__EXERCISE__
Out of the material that follows, write out exactly the lines from the line with "PRIMUS - BABYLON" to the line with "Perdonamos CACHOS en", both ends included, and no others.

__RECORDS FOR THE EXERCISE__
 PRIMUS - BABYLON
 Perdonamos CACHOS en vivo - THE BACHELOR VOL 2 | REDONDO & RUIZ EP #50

==

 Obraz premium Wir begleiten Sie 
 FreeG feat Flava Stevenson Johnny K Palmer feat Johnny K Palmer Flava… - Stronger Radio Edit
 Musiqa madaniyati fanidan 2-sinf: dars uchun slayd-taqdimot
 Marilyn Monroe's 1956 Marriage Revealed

...

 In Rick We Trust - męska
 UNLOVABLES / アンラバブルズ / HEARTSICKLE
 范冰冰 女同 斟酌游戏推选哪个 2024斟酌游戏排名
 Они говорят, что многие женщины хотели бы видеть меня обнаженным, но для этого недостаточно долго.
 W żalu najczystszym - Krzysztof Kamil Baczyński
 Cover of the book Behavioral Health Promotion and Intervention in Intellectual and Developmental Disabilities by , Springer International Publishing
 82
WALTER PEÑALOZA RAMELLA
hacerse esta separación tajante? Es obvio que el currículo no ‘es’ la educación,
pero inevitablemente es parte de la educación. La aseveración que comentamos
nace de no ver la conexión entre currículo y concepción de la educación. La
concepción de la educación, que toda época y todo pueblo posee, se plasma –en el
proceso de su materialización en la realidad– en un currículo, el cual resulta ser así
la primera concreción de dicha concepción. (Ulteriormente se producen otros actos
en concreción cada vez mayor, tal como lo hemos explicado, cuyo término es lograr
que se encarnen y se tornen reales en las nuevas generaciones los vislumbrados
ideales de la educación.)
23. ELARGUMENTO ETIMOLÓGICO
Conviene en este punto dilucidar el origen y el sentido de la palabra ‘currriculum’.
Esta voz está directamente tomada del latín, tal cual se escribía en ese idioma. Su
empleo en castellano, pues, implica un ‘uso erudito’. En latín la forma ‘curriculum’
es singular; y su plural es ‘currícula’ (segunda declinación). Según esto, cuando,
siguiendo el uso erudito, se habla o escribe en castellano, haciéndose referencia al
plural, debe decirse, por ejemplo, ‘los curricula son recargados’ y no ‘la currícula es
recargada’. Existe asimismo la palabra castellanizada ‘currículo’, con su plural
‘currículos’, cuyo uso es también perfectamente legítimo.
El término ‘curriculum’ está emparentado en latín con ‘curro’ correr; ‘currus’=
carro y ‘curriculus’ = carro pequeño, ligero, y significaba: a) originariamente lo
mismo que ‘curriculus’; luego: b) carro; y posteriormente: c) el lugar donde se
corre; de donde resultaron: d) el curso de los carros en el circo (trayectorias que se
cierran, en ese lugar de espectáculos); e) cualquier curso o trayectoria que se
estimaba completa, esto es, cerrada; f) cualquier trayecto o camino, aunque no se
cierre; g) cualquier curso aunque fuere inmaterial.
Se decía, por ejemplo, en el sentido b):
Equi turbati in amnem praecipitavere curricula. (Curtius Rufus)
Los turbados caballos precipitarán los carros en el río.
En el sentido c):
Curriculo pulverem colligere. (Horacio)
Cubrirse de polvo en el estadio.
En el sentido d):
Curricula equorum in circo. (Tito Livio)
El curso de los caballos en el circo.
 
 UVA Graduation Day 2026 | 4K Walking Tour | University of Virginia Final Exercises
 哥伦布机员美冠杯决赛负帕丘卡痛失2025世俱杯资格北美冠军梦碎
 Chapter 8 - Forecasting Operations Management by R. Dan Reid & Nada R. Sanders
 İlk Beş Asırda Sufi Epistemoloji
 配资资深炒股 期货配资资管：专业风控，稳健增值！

__RESULT OF THE TASK__
 PRIMUS - BABYLON
 Perdonamos CACHOS en vivo - THE BACHELOR VOL 2 | REDONDO & RUIZ EP #50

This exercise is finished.